As horrific as that all was, several of the survivors wrote accounts of their first contact with the natives, and some of those accounts provide rare descriptions of the native cultures that existed (until the Spanish arrived). De Soto actually found an interpreter from Seville who had been adopted by a local tribe after his expedition starved to death, but he later died on this new expedition. One survivor’s record clearly states that a nearby shell mound was the foundation for the local chief’s dwelling, proving that the mounds in Florida were not simply middens but were built intentionally as elevated platforms for important people and functions, contradicting the park film at Canaveral. A large mound on this site was removed for building roads, before the park service began protecting them. After all the death and destruction inflicted on the natives, it feels especially cruel to erase the last remaining remnants of their culture without acknowledgement.
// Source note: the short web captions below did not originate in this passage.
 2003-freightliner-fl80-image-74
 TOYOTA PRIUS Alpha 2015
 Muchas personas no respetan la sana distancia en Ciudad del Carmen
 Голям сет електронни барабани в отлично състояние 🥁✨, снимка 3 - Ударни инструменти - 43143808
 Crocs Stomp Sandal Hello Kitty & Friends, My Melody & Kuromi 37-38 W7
Port Chicago Naval Magazine National Memorial

At 10:15 pm on 17 July 1944, 320 people were vaporized in a munitions explosion while loading two ships simultaneously. The blast registered 3.4 on the Richter scale, disintegrated the docks above, blew one ship into small pieces, threw other ships hundreds of yards away, and injured people on the other side of Suisun Bay above. Most of the victims were young African Americans, and the Navy blamed the poorly trained black workers rather than the white officers in charge. When 50 survivors refused to return to work, they were sentenced to 8 to 15 years in prison and others were threatened with firing squad for mutiny. Despite the efforts of Thurgood Marshall to defend them and focus the blame on the Navy’s negligence, the ‘mutineers’ spent the rest of the war in prison, and the story was lost to history until a Cal professor named Robert Allen found a pamphlet, interviewed a dozen survivors and wrote a book in 1989.
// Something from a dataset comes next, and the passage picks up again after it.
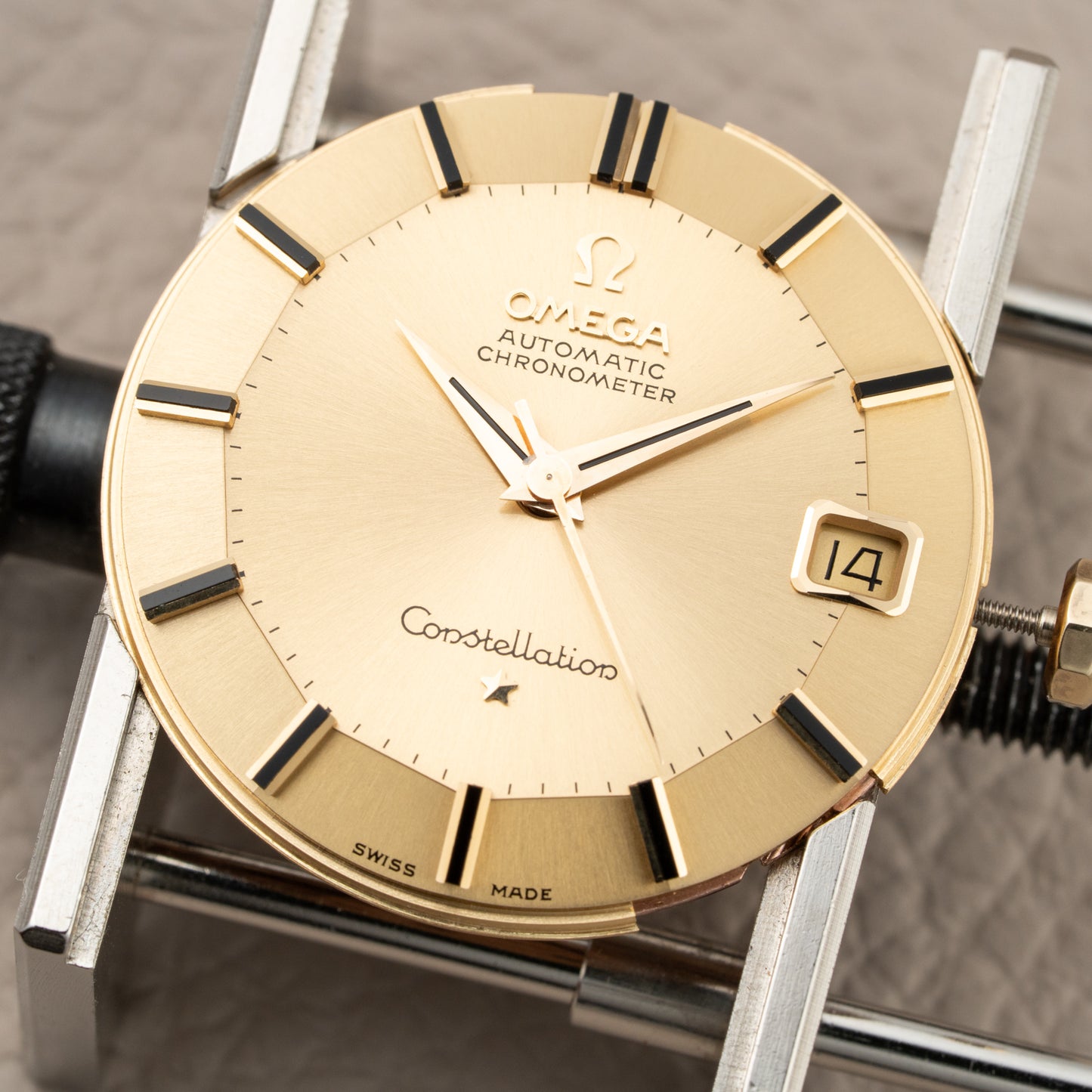 Omega Constellation Automatic DeLuxe Pie Pan Onyx Dial Dog-Leg Case Ref 168.005 from 1962 MUSEUM QUALITY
The story is powerful, and the ranger and volunteer did an excellent job of painting a detailed picture of racism, dereliction of duty (among the officers who bet on load rates), the lies that the enlisted workers were told (that the bombs were inert), and the trial. Photographs, oral accounts and actually visiting the spot where it happened, including touring the revetments where munitions were transferred from boxcars and out to the docks, bring the impact home. The volunteer, Diana, noted that the Navy suffered an even more deadly munitions loading accident less than 4 months later, when the USS Mt Hood exploded in New Guinea on 10 November 1944, obviously not learning the lessons of Port Chicago. The ranger, Eric, made a persuasive case that the negligence and racism uncovered and protested, while officially unpunished, likely prompted the Navy to be the first branch of the military to desegregate completely in February 1946, two years before the other branches.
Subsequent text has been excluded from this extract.